MATERIAL PROVIDED:

-- -- --

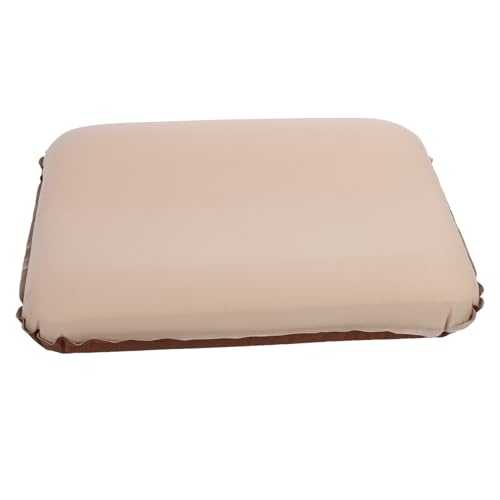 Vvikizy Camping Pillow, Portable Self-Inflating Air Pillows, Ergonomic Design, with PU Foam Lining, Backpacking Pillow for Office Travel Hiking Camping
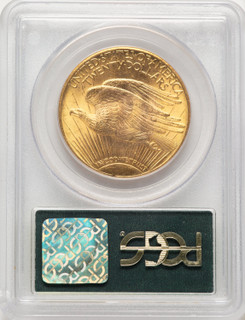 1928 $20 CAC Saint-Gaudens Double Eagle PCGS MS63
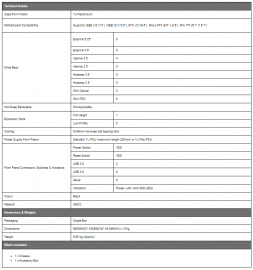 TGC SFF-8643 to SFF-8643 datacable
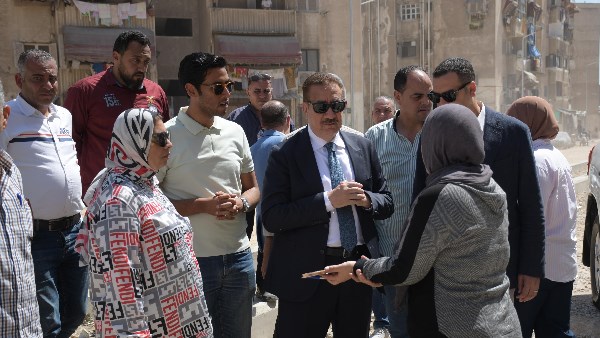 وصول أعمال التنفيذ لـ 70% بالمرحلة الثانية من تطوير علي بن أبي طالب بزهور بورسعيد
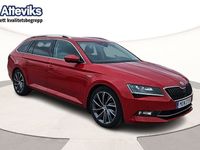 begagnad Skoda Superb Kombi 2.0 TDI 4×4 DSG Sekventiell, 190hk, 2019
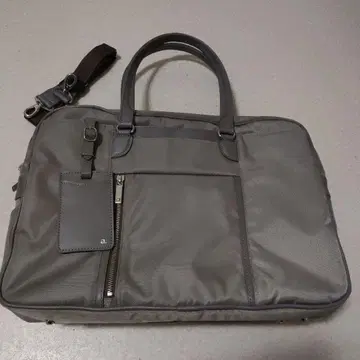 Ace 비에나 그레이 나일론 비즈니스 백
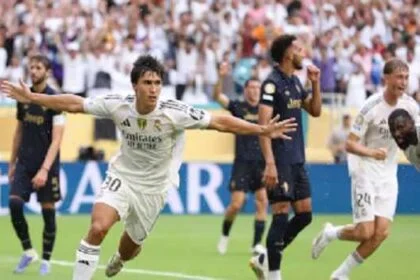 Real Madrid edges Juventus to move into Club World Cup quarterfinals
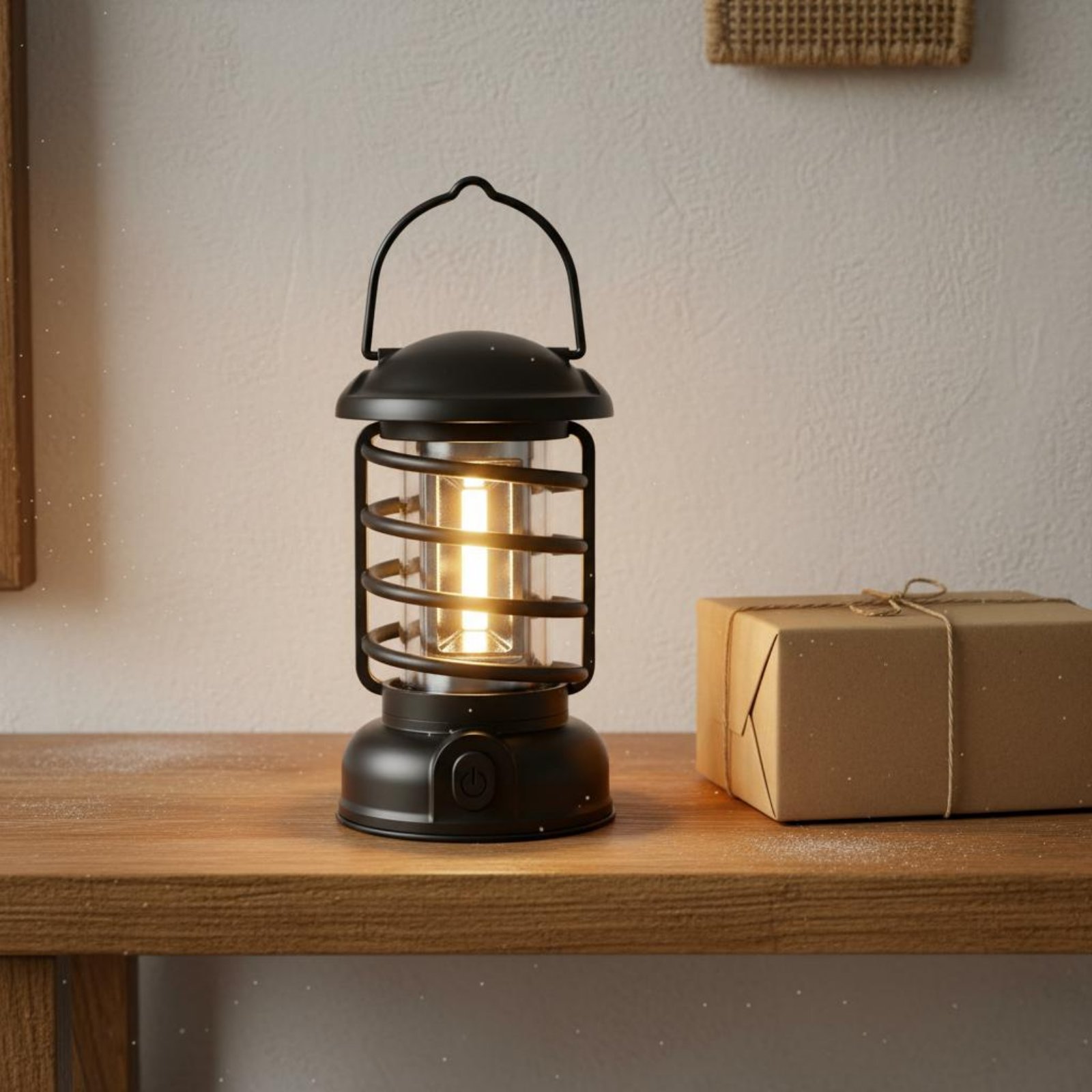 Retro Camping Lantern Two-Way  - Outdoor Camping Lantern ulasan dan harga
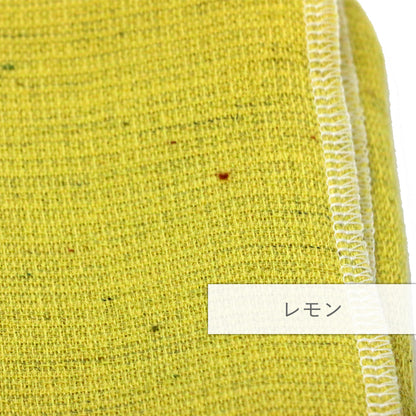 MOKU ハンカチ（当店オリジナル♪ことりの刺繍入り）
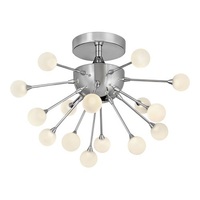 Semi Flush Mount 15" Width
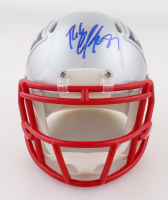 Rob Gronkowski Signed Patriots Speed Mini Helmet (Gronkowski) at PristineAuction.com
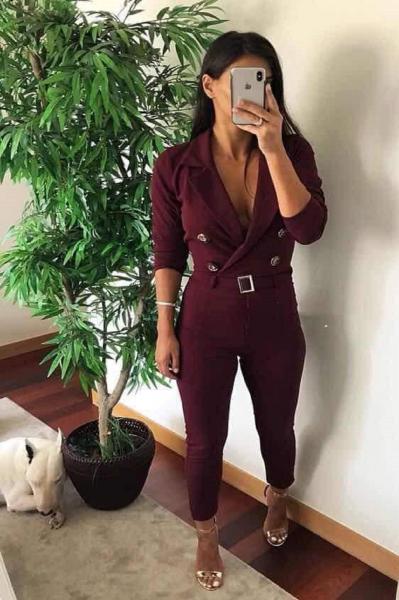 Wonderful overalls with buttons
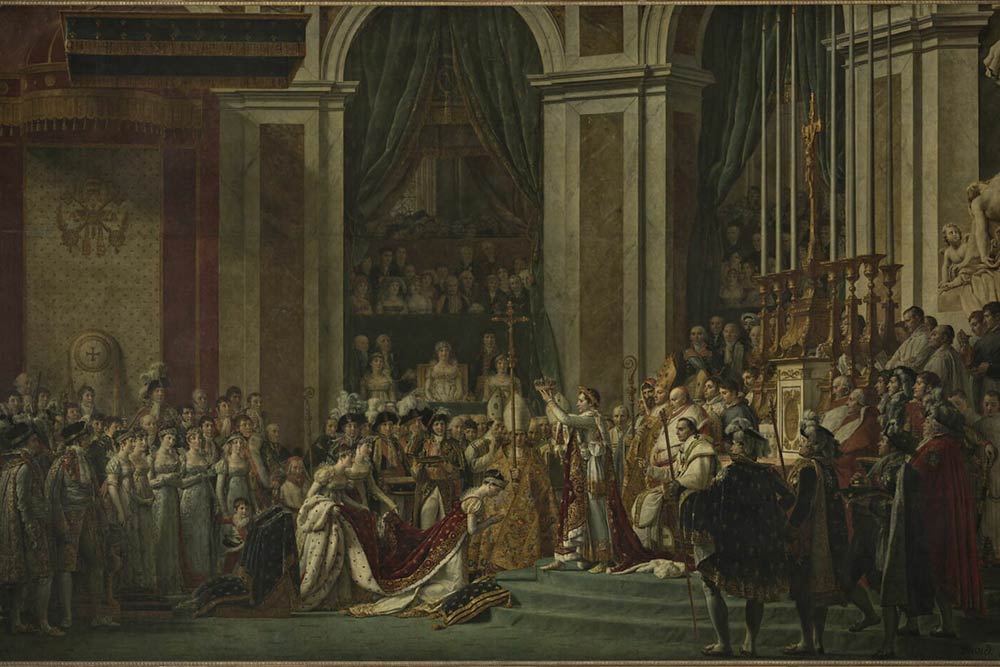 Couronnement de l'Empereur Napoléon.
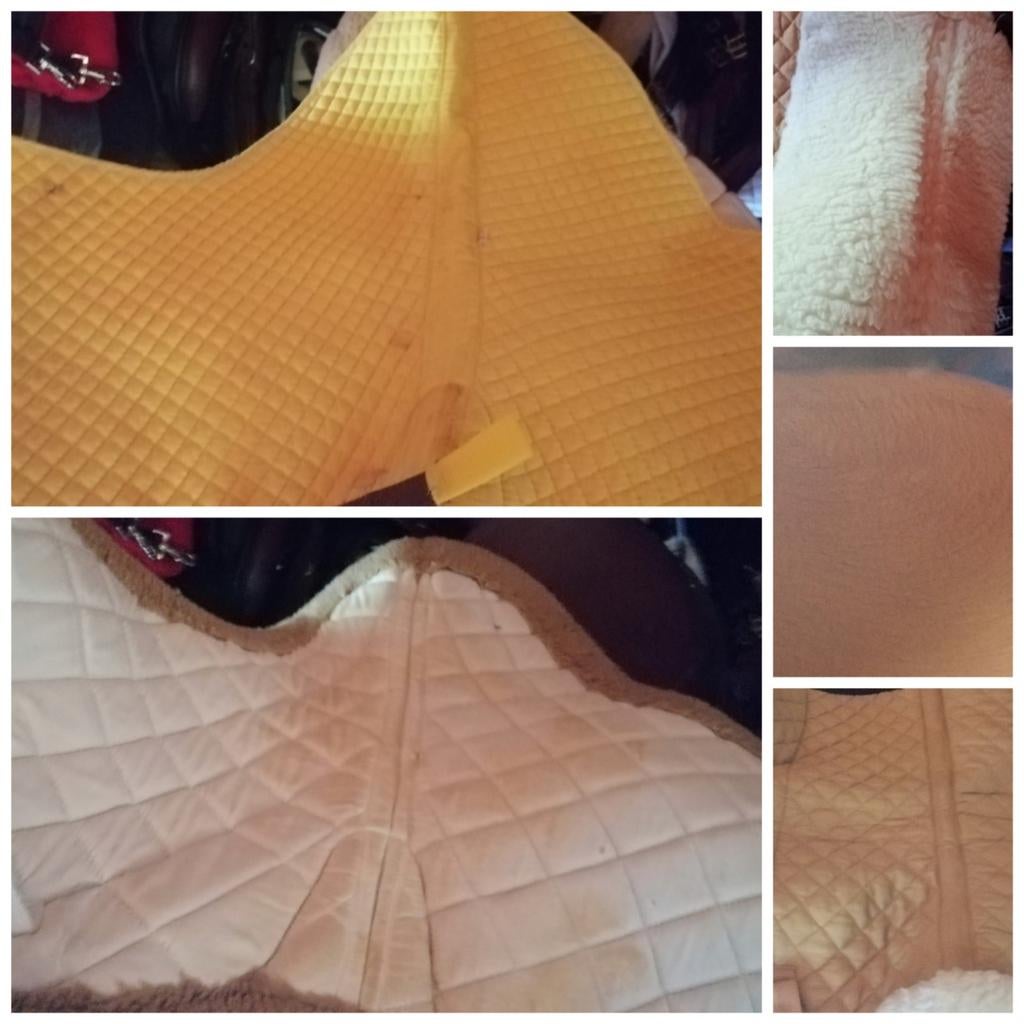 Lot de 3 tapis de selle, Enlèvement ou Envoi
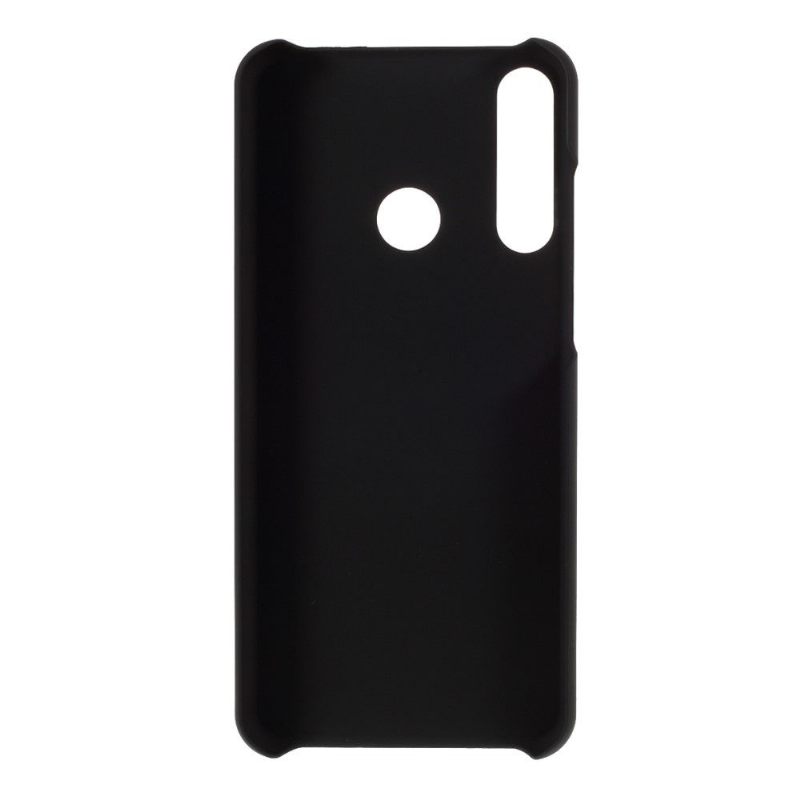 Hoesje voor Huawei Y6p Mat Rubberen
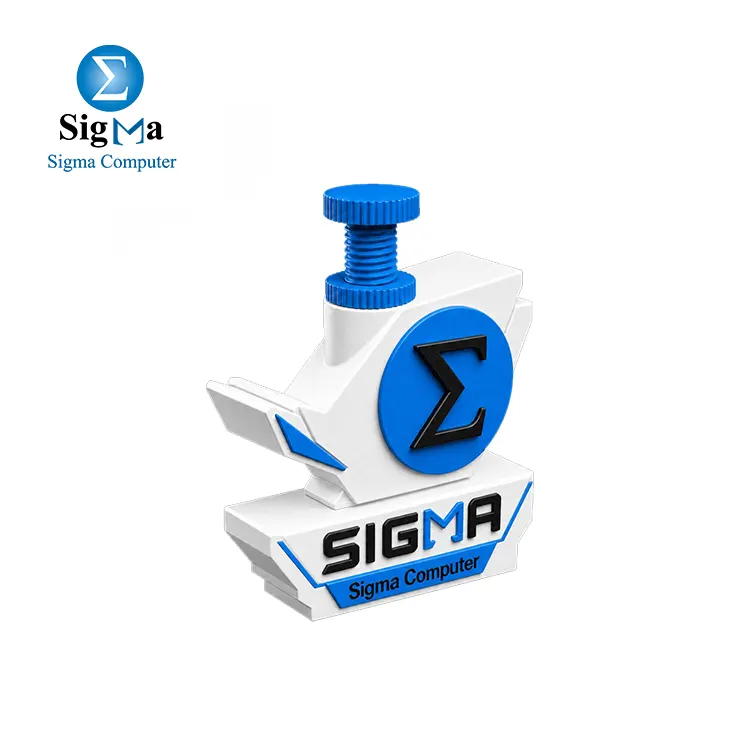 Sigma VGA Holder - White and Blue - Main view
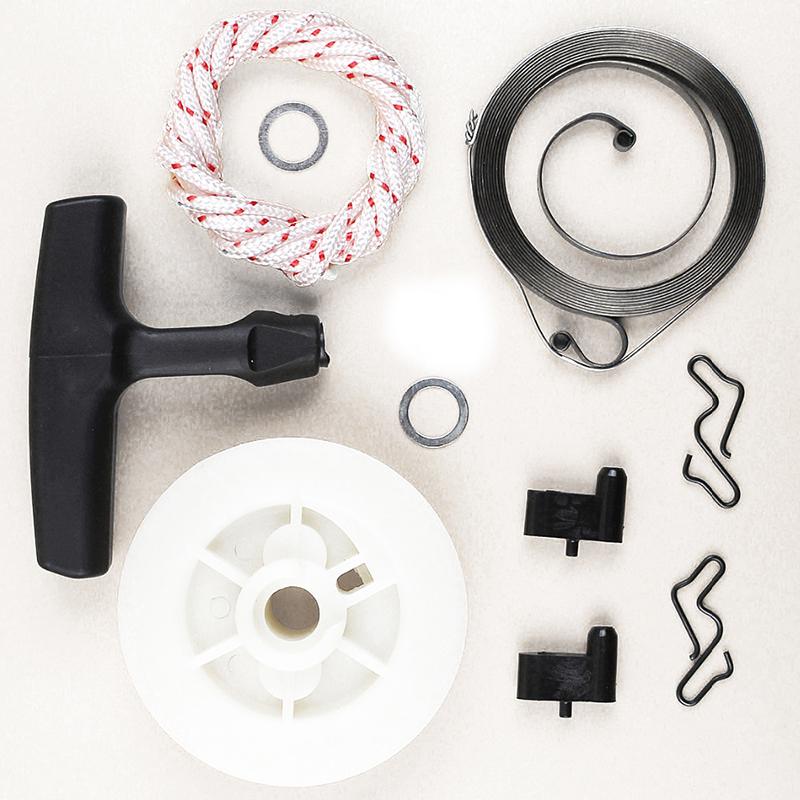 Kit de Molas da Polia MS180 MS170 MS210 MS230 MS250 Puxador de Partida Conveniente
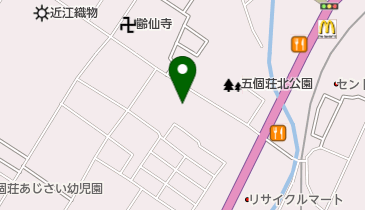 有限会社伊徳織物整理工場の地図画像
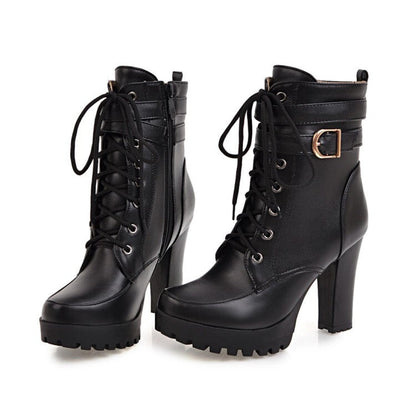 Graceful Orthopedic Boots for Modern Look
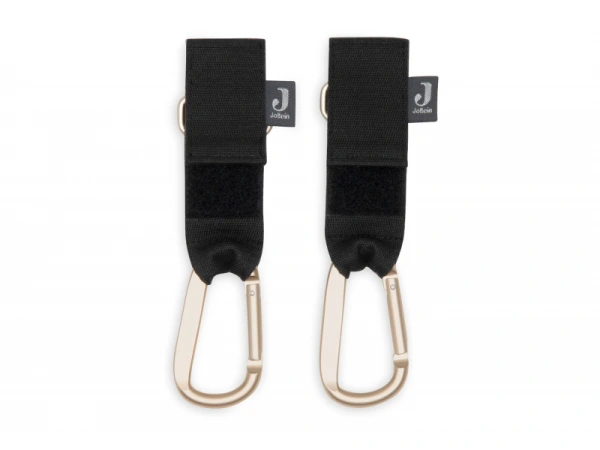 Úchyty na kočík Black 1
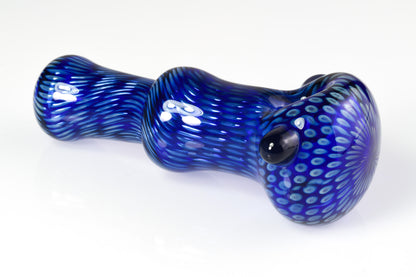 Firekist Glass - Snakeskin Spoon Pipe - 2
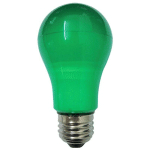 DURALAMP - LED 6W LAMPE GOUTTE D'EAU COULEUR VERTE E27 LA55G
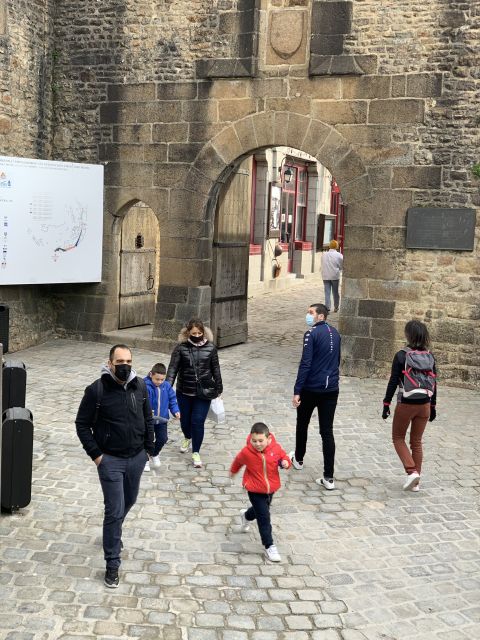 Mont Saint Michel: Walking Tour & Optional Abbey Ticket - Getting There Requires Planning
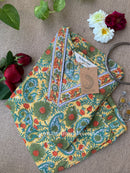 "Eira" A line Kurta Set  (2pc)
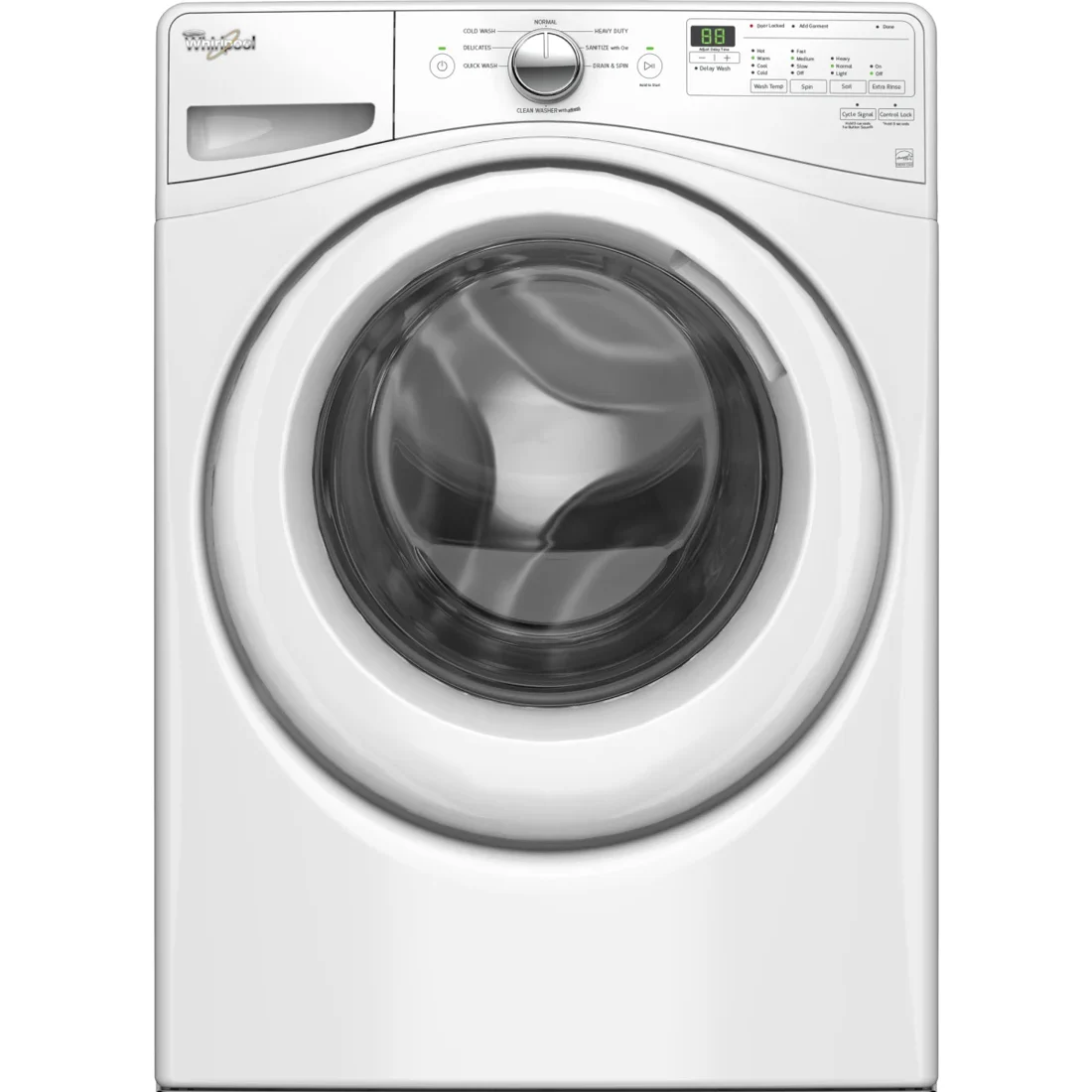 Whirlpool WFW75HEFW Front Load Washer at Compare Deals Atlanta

-- -- --

REQUIRED WORK: Give back exactly, and only, the lines from the one holding "Graceful Orthopedic Boots for Modern Look" through the last line of the entries, with every picture omitted.

TASK OUTPUT:
 Graceful Orthopedic Boots for Modern Look
 Úchyty na kočík Black 1
 Firekist Glass - Snakeskin Spoon Pipe - 2
 DURALAMP - LED 6W LAMPE GOUTTE D'EAU COULEUR VERTE E27 LA55G
 Mont Saint Michel: Walking Tour & Optional Abbey Ticket - Getting There Requires Planning
 "Eira" A line Kurta Set  (2pc)
 Whirlpool WFW75HEFW Front Load Washer at Compare Deals Atlanta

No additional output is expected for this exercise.